También como consumidores no estamos dispuestos a abrirnos a las pequeñas editoriales, a nuevos autores o a propuestas que representen abrir nuestros horizontes. Y los grupos de trabajo se ven orillados a buscar mecanismos que abaraten los costos (como blogs gratuitos o páginas de FB) o a vender materiales con precios relativamente altos para la disposición a pagar de las personas en esa complicada ecuación de costo/retorno. Aunque se tratase de una obra maravillosa, en nuestra mente siempre queda el gusanito de “es un precio ridículo para tu libro”, y muchas veces lo son, cuando los propios autores quieren ganar por cada ejemplar cuatro o cinco veces el costo de impresión; y por sanidad mental evitemos hablar de quienes asumen que por ser amigos los libros deben ser regalados. Esta pugna constante entre editoriales se entiende, pero no por eso deja de ser perniciosa. A mi parecer, esto es resultado de una larga tradición de políticas públicas erráticas, cuando no nefastas, de encarecer la creación literaria.
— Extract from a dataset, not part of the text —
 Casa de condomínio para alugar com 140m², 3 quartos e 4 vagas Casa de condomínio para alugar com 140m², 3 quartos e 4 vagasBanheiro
Además, el hecho de que la mayoría de los creadores nos desempeñemos en oficios poco remunerados (como maestros, investigadores, promotores o burócratas), complican que el mercado se estabilice en estrategias de venta que hagan accesibles los de por sí ya difíciles de vender libros o antologías. Nos gusta hacer libros, pero tampoco leemos a los demás, ya sea porque estamos igual de limitados económicamente, o porque no tenemos esa cultura de lo contemporáneo, de explorar el quehacer de los otros. Y en este punto yace el tercer clavo del ataúd. Muchas veces, lo cerrado de estos grupos nos lleva a la degradación, a la autocomplacencia, y la producción de obras con poco esmero editorial o autocrítica. Y de eso ya estamos curados de espanto. Si queremos alcanzar algún día una industria más competitiva, debemos exigir políticas públicas más benignas, y comenzar a producir nuestra propia obra con una mayor calidad, la mínima para que los otros, los demás, no se predispongan a sentirse estafados por el producto que les ponemos en la mano, y que poco a poco nos lleve a formalizar un mercado cultural digno para nuestra ciudadanía. Este monstruo de tres cabezas puede no ser insalvable, pero si hace temblar a la mayoría de los más aguerridos de nuestros héroes.